* [Assignment] Quote verbatim the span of lines that begins the listing below and closes with the line containing "Bosnian police and".

* [Given information]

▽

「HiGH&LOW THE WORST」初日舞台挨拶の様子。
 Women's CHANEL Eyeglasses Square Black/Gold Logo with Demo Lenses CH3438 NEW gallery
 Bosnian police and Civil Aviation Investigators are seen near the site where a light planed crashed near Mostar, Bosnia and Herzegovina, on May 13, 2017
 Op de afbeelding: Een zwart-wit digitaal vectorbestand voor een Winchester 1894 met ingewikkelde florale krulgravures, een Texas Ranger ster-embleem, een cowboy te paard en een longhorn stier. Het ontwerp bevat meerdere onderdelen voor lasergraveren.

△

* [Expected answer]
「HiGH&LOW THE WORST」初日舞台挨拶の様子。
 Women's CHANEL Eyeglasses Square Black/Gold Logo with Demo Lenses CH3438 NEW gallery
 Bosnian police and Civil Aviation Investigators are seen near the site where a light planed crashed near Mostar, Bosnia and Herzegovina, on May 13, 2017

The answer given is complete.